The company, like so many others, has a customer lead-time that is shorter than their production lead-time. And much shorter than their lead-time for raw materials. They have limited forecasts (rated from “fair” for some products to “non-existent” for others). They know they cannot just feed the forecast into MRP and come up with a plan to build and buy. They need to size inventory according to the uncertainty of future demand.
First, we need to define units. There is a range in demand volume, from a few dozen units a month to many thousands. So, the answer to the question “How much inventory should we hold?” is not meaningfully answered in units of measure- in this case “pcs” and “cartons”. Is a thousand pieces a lot of inventory? That depends on demand. So, the first goal is to measure a day of demand is for every item. Call it the ADU (average daily usage), Day of Demand, Day of Supply. We will use Day of Demand.

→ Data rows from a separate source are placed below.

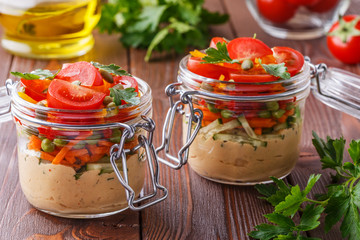 Healthy breakfast - hummus with vegetables in glass jars.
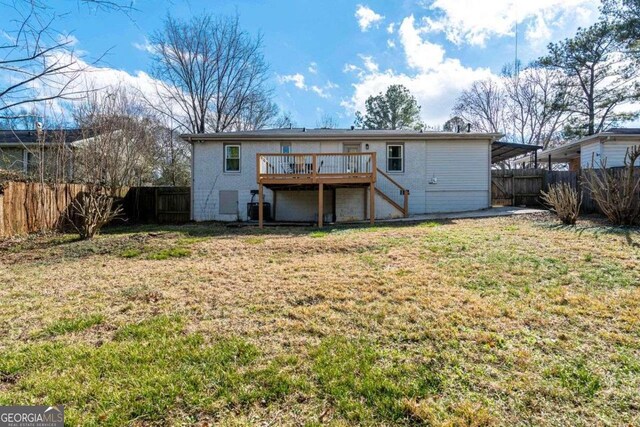 3224 Canary Ct, Decatur, GA 30032 - back of property featuring stairs, a deck, and a fenced backyard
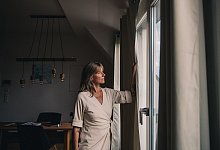 Frau schaut aus einem Fenster - Zacharie Scheurer/dpa-tmn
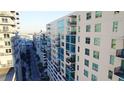 Exterior view of condo building with many balconies, neutral paint, and a clear blue sky at 1120 E Kennedy Blvd # 1208, Tampa, FL 33602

The data is in a single table. It has just three columns: Item, Week and Qty. This will be refreshing for some of you who have waded through our bigger datasets!
It is one long table. This example has 20 items and three years of demand, summarised weekly. In the real example, there were many more products, but I have created 20 because that is enough to tell this story.
It is natural to want to see this data in a matrix. With items as rows and the weeks as columns. And we could build a pivot table to show it this way, if we wanted to.
I want to show you how to do these calculations in the table form because it is much more flexible and powerful that way. If we built a matrix, and then the number of items changed, or the number of weeks, then the structure would change too. This is an example of our principle to calculate in Normal Tables as part of the Fast Excel Development Method.
If you want to swap out this data and add your own, then the functions will still work. Even if you have 100 items and 5 years of history.
You will see that every row shows a week of demand for the first item, and then goes on to the next item. A total of 3150 rows for 20 product items and 157 weeks. If this was 300k rows for 2000 products, it would still work perfectly well. It might take a minute or so to calculate rather than 6 seconds. If we use the Fast Excel Development Method to calculate in tables then it is more flexible and much more powerful.
The complete dataset and workbook that I used to analyse this is here.
Using Row Numbers to Define a Range Within a Column
I want to introduce a technique that allows us to calculate values for each item in a table like this. We want to apply a formula to a sub-section of a column. This should match all of the records for the first item “FC1001”, from the first week to the last week.
Using our Fast Excel Method, place the formula in row 8. The automated macros in the template will apply this formula to the whole table of data. The first two formulas return the first and last row numbers of the range for each item. In the example here, item FC1001 starts on row 11 and continues to row 167. In the download, you will see that this has applied to all items.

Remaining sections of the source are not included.